駅の設計は、参宮急行電鉄(現・近畿日本鉄道)の宇治山田、南海電気鉄道の難波など、私鉄のターミナル駅を手がけたことで有名な、久野節設計事務所が担当。かつては、豪華さと開放感にあふれた駅だったと思われますが、改装が重ねられており、特にホームではかつての面影を感じることは難しくなっています。外観も、新建材オンリーになっており、野暮ったい建物にしか見えないのが残念。それでも、特に地下鉄銀座線との連携がよく考慮され、初見の客でも迷うことなく出入りできるようなつくりになっており、機能面ではなかなかすぐれた駅になっています。
ホームは頭端式となっています。駅の北側ですぐに右へと急カーブを描いて隅田川を渡ること、また用地が確保できないことの二点から、編成長をのばすことができず、短編成の列車が、いかにも窮屈そうに出入りします。東武が日比谷線や半蔵門線を介した地下鉄との相互乗り入れに力を入れたのは、同駅のキャパシティを拡大できないという事情がありました。

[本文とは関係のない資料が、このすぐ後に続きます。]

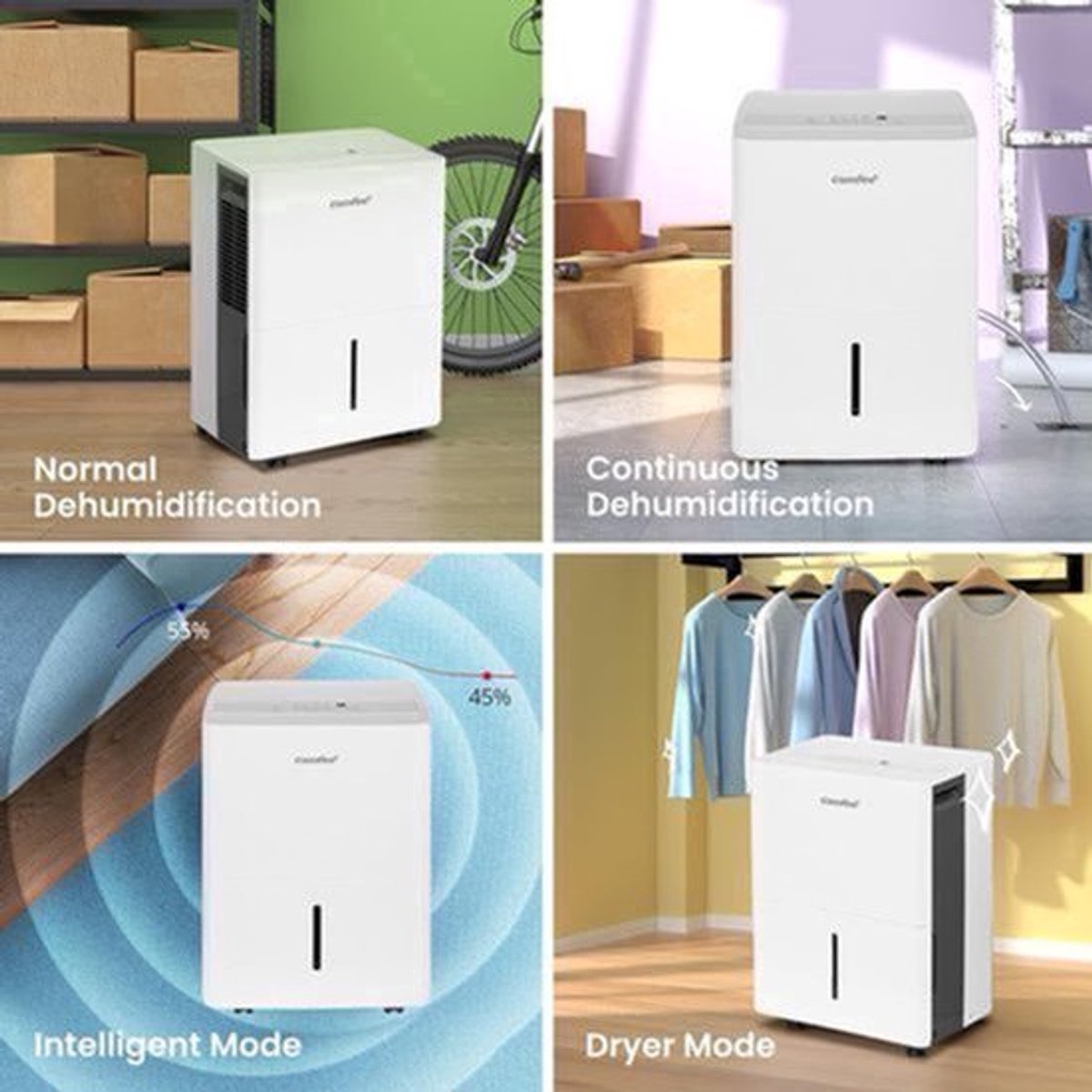 Luchtontvochtiger – Ontvochtiger – Vochtvreter – Vochtverwijderaar – Air Dehumidifier – 50 Liter per dag – Geschikt voor 116 m² – 6 Liter Reservoir – Stille werking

駅周辺の商店街は、昔ながらの下町の雰囲気、あるいは戦後の繁華街はかくやと思わせるような雰囲気が残り、それでいて人通りがきわめて多いという、まことに不思議な空間を形成しています。観光客の多くは素通りしてしまいがちですが、古き東京を感じてみたいという向きには、お勧めの一角となっています。